Rédigé par : Liberal | jeudi 06 décembre 2007 à 14:44
Liberal,
Non, Ségolène aurait répondu 36% pour les coûts de distribution en rappelant qu'il était essentiel de revoir la structure de coûts de la filière, en y introduisant davantage de concurrence et remettant à plat les systèmes d'aide à la presse.
Elle aurait ensuite expliqué que la totalité de la presse quotidienne (régionale et nationale) diffuse 8 millions d'exemplaires et que c'est insuffisant. Mais elle aurait refusé d'entrer en tant que politique dans la problématique d'entreprises de presse indépendantes.
Hé hé.
Autrement, les banques peuvent et vont subir le contrecoup de leurs investissements aux Etats-Unis, dans le cadre de la titrisation des dettes pourries, Ok. Tout à fait d'accord.

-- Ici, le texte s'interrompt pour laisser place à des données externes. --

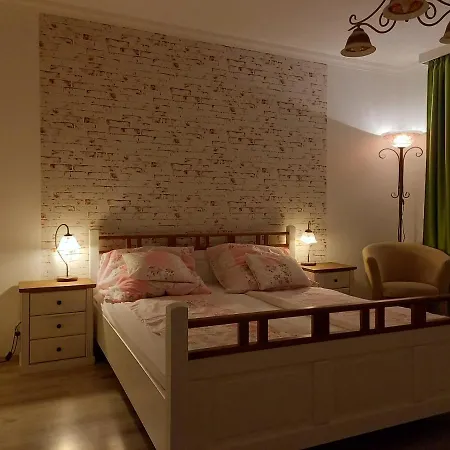 Apartman Evergreen Kardos *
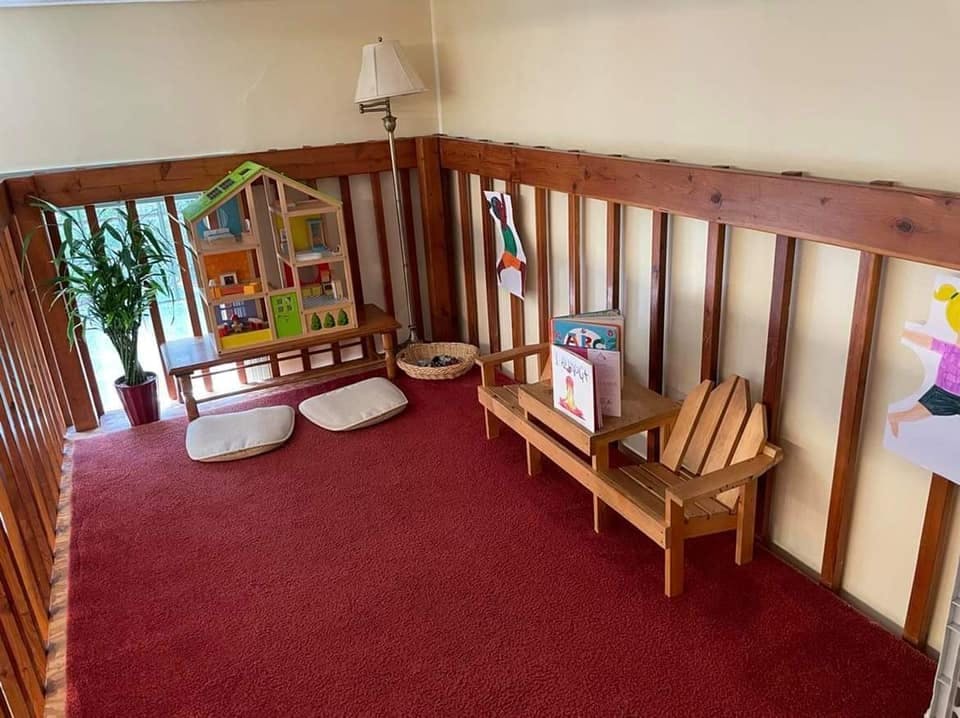 South County Montessori School in North Kingstown, RI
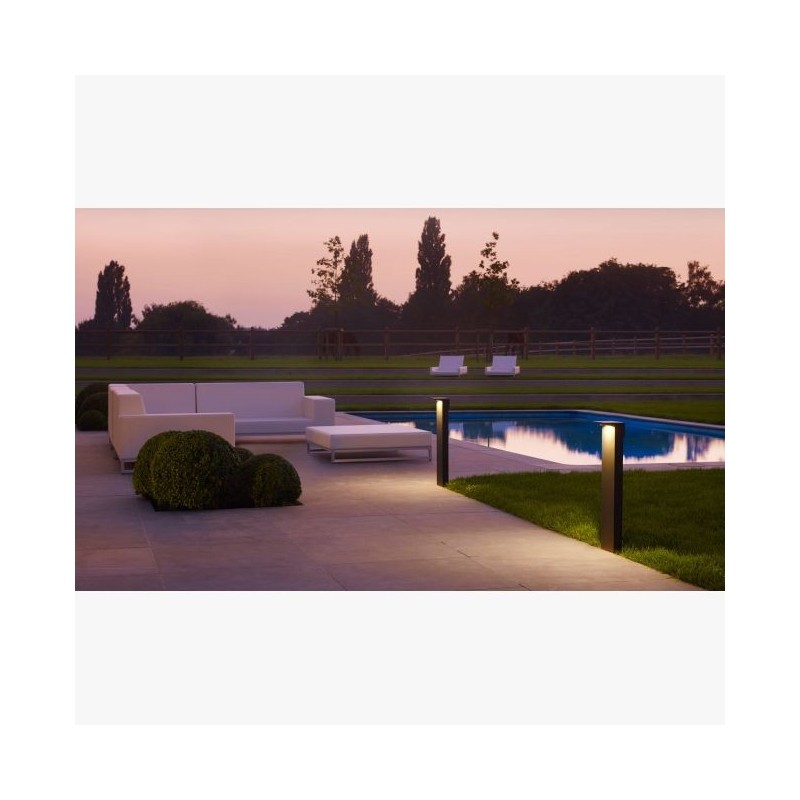 Delta Light OBLIX 70 Garden lamppost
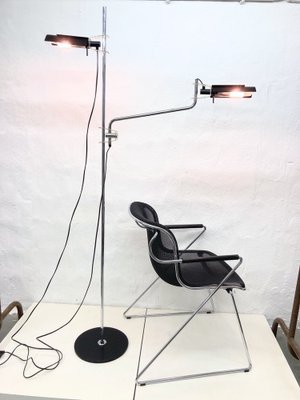 SLZ Team Floor Lamp from Swiss Lamps International, 1980s-AET-1807313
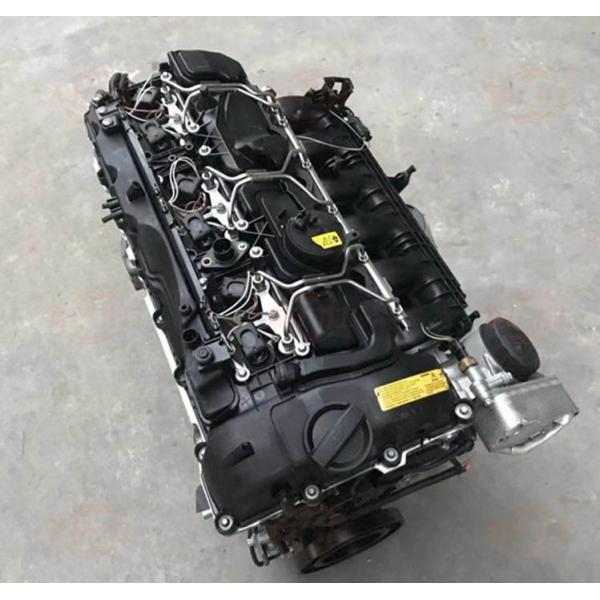 N55 3.0L F15 Reconditioned Refurbished B-M-W Engines Used For 335 X6 X5 450nm Torque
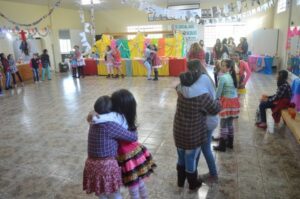 Arraiá Vozes do Corpo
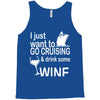 go crouising Tank Top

Mais ce dont Libé et Le Monde parlent n'a rien à voir avec ça, puisqu'il s'agit de prétendre que des paramètres inconnus ici vont jeter les gens à la rue. Par contre, ce discours grotesque peut servir d'écran de fumée aux établissements bancaires qui ont besoin de souffler.
Mais celui qui perd, c'est tout de même le gars qui espérait emprunter malgré son profil trop rock'n'roll pour une Société Générale et en dépit de sa capacité de remboursement tout à fait gérable, mais que l'on enverra paitre...
Rédigé par : Hugues | jeudi 06 décembre 2007 à 15:02
Oui, tu as tout à fait raison.
Sur la 2e partie de ta réponse, bien sur.
Héhé.
Rédigé par : Liberal | jeudi 06 décembre 2007 à 16:54
C'est en Espagne que 98 % des prêts sont à taux variable
http://www.lefigaro.fr/immobilier/20070906.FIG000000077_de_plus_en_plus_d_espagnols_peinent_a_rembourser_leurs_credits_immobiliers.html
L'immobilier fait une bonne partie de PIB en Espagne, la banque et la finance participent pour 50% du PIB en GB. L'un et l'autre vont souffrir du credit crunch (à ce sujet la perfide BoE vient de baisser son taux directeur)
Rédigé par : all | jeudi 06 décembre 2007 à 16:58
"la meilleure garantie de la préservation de la tradition iconoclaste du grand journal libéral..."
Le Figaro, liberal? c'est nouveau.
Rédigé par : Antipatros | jeudi 06 décembre 2007 à 20:00
Antipatros, je ne veux pas passer pour un cuistre mais je crois bien qu'il s'agit d'une entrée en matière ironique. Le Figaro n'est ni iconoclaste ni libéral et notre hôte le sait bien.
Rédigé par : Gilles | vendredi 07 décembre 2007 à 09:42
Il m'est toujours aussi difficile de rester calme face à la position de Hughes célébrant la chance immense qu'ont des centaines de milliers de ménages français de s'être engagées sur 25 ou 30 ans à payer le tiers de leur revenu, mais bien plus de leur revenue réellement disponible une fois retirer les charges diverses, et qui ne vont cesser d'augmenter, tout cela pour un appartement aujourd'hui ric-rac en surface, demain qui les condamnera à renoncer à agrandir la famille, et dont ils découvriront au bout de 30 ans le besoin impératif d'une rénovation lourde et couteuse qui va gréver le capital soit-disant accumulé.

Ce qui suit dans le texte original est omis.